Search code examples
cassandranosqldistributed-databasesecondary-indexes

Why secondary indexes are less efficient in Cassandra?


I read in Cassandra documentation that creating secondary index is less efficient as because in worst case it need to touch all nodes in order to find out the data of that non-key column.

But my doubt is even if we do not create secondary index, then also it will have to touch all nodes (in worst case) and find out where that particular row with this non-key column value resides.
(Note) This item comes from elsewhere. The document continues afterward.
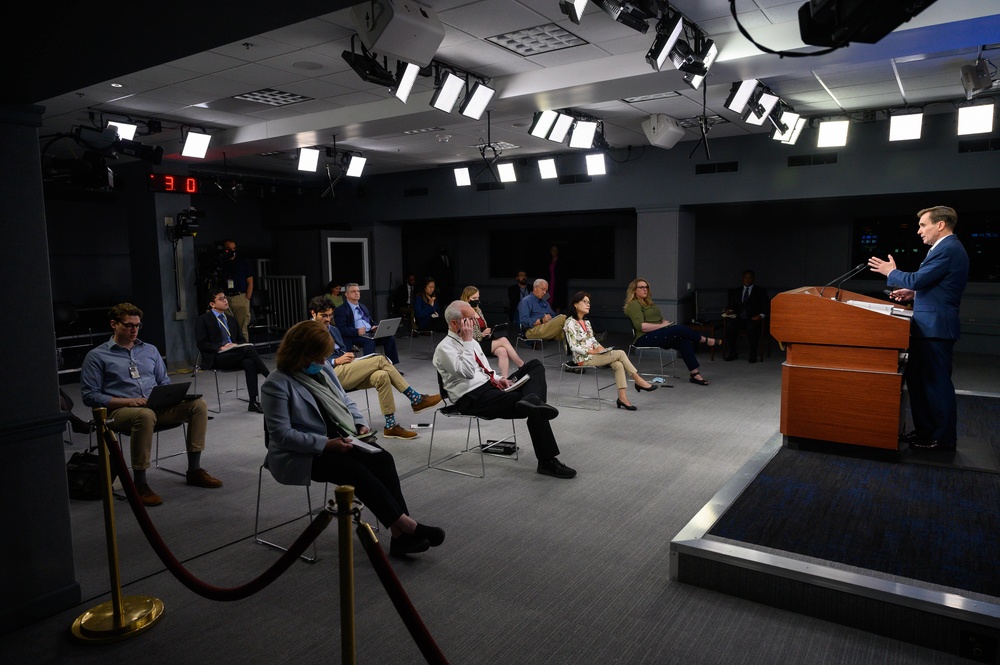 Pentagon Press Secretary John F. Kirby briefs media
Note: Yeah, I understand that it is possible that if the cardinality is high then the secondary index will contain(store) index for mostly all rows and in this way it is bad in terms of storage. But I want to know how not creating secondary index is efficient than creating secondary index?


Solution

  • Secondary indexes should be used only in specific cases, like, when you use them together with condition on partition key column, you have correct cardinality for data, etc.

    For example, if we have following table:

    create table test.test (
      pk int,
      c1 int,
      val1 int,
      val2 int,
      primary key(pk, c1));
    

    and you created a secondary index on the column val2, then following query will be very effective:

    select * from test.test where pk = 123 and val2 = 10
    

    because you restricted the execution of query only to the nodes that are replicas for pk with value 123.

    But if you do

    select * from test.test where val2 = 10
    

    then Cassandra will need to go to the every node, and ask for data there - it will be much slower, and put a pressure to coordinating node.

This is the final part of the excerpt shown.